Commit ce9ee96
QVAC-21483 feat: add output-frequency selection (output_sample_rate) (#69)
* QVAC-21483 feat: add output-frequency selection (output_sample_rate)
Add an output_sample_rate knob to the Chatterbox and Supertonic engines
and the tts-cli / supertonic-cli CLIs so callers can request an output
frequency other than the engine's native rate (24 kHz Chatterbox / the
model metadata rate for Supertonic). The final PCM is resampled with the
existing Kaiser-windowed sinc resampler and SynthesisResult::sample_rate
reports the actual rate. 0 keeps the native rate (default; no behaviour
change); explicit rates are validated to [8000, 192000] Hz to match the
@qvac/tts-ggml addon's JS-side window.
- voice_features: validate_output_sample_rate + resample_for_output helpers
- chatterbox::Engine: batch resamples the whole utterance once, streaming
resamples per chunk (mel-hop bookkeeping stays native, so the documented
result.pcm == concat(chunks) invariant still holds)
- supertonic::Engine: resample in run_single_chunk (covers batch + streaming)
- CLIs: --output-sample-rate HZ on tts-cli (chatterbox egress + supertonic
path) and supertonic-cli
- tests: output-rate unit checks in test_resample + a new MTL-gated
test_output_sample_rate (batch / streaming / out-of-range validation)
* QVAC-21483 fix: make streaming output-rate conversion seam-free (batch-exact)
Code-review follow-up to the output_sample_rate feature.
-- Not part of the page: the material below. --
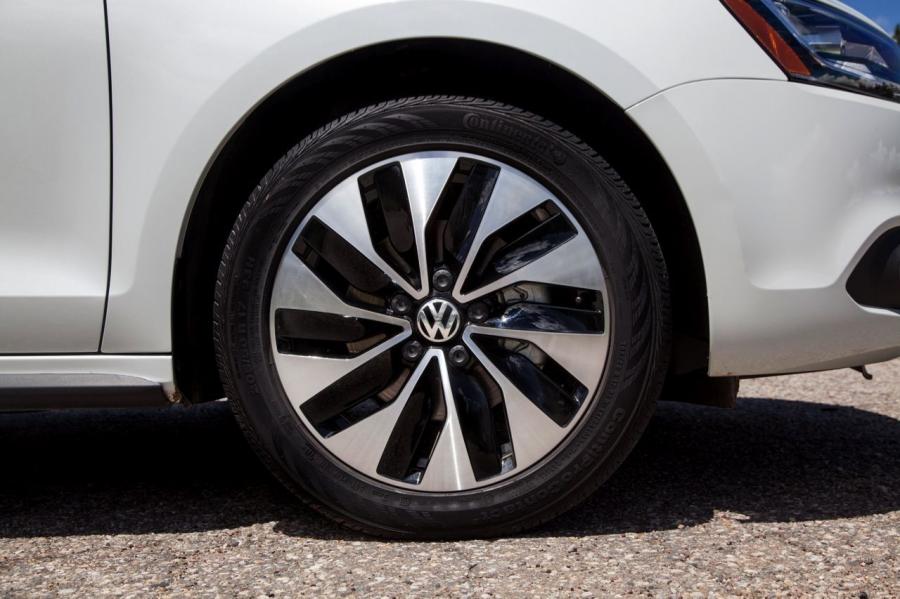  Volkswagen Jetta Hybrid 2012 года  (фото 60 из 133)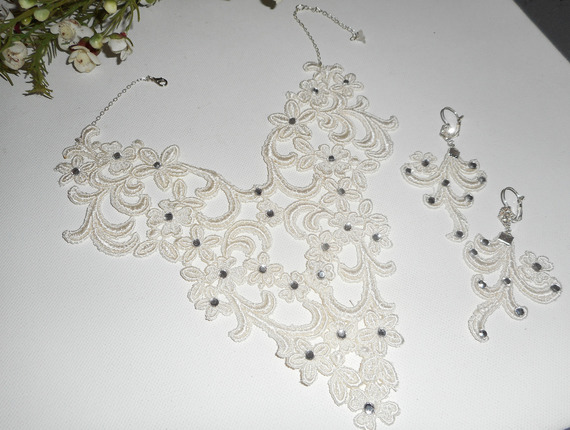 Necklace set Ceremony lace pattern arabesque and flowers with Swarovski crystal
Streaming
resampled each chunk independently with the stateless whole-buffer
resample_sinc, which restarts the output grid and truncates the sinc
window at every chunk edge. That is only artifact-free when each chunk
length is an exact multiple of the resample ratio's denominator -- which
the pipeline does not guarantee (the trim-faded first chunk, the
finalized last chunk, or rates such as 11025 Hz break it). When violated
it injects a discontinuity at every seam (streamed-vs-batch SNR collapses
below 10 dB) plus a per-chunk length drift.
Add a stateful OutputResampler that buffers native PCM and emits each
output sample only once its sinc window is fully covered, flushing the
tail on finish(). A stable sample's window is identical whether computed
on the prefix or the full buffer, so concatenating every process() result
+ finish() is bit-for-bit identical to resampling the whole utterance
once: the streamed output now equals the batch resample, with no seams
and no drift, while result.pcm == concat(chunks) still holds.
- voice_features: OutputResampler (passthrough when target is 0/native)
- chatterbox::Engine streaming: one utterance-spanning resampler
- tts-cli streaming->stdout: same resampler, with inter-segment silence
fed through it so it lands in order; fix the stale "@ 24 kHz" banner
- engine.h: correct the "resampled independently / inaudible" comment
- test_resample: model-free checks that streamed == batch (bit-exact) for
misaligned / trim-faded / hostile-rate (11025) chunkings + passthrough
Verified: test-resample (24 checks) passes; the MTL-gated
test-output-sample-rate passes on real GGUFs; tts-cli streaming to a file
vs to stdout at 16 kHz now produce byte-identical PCM.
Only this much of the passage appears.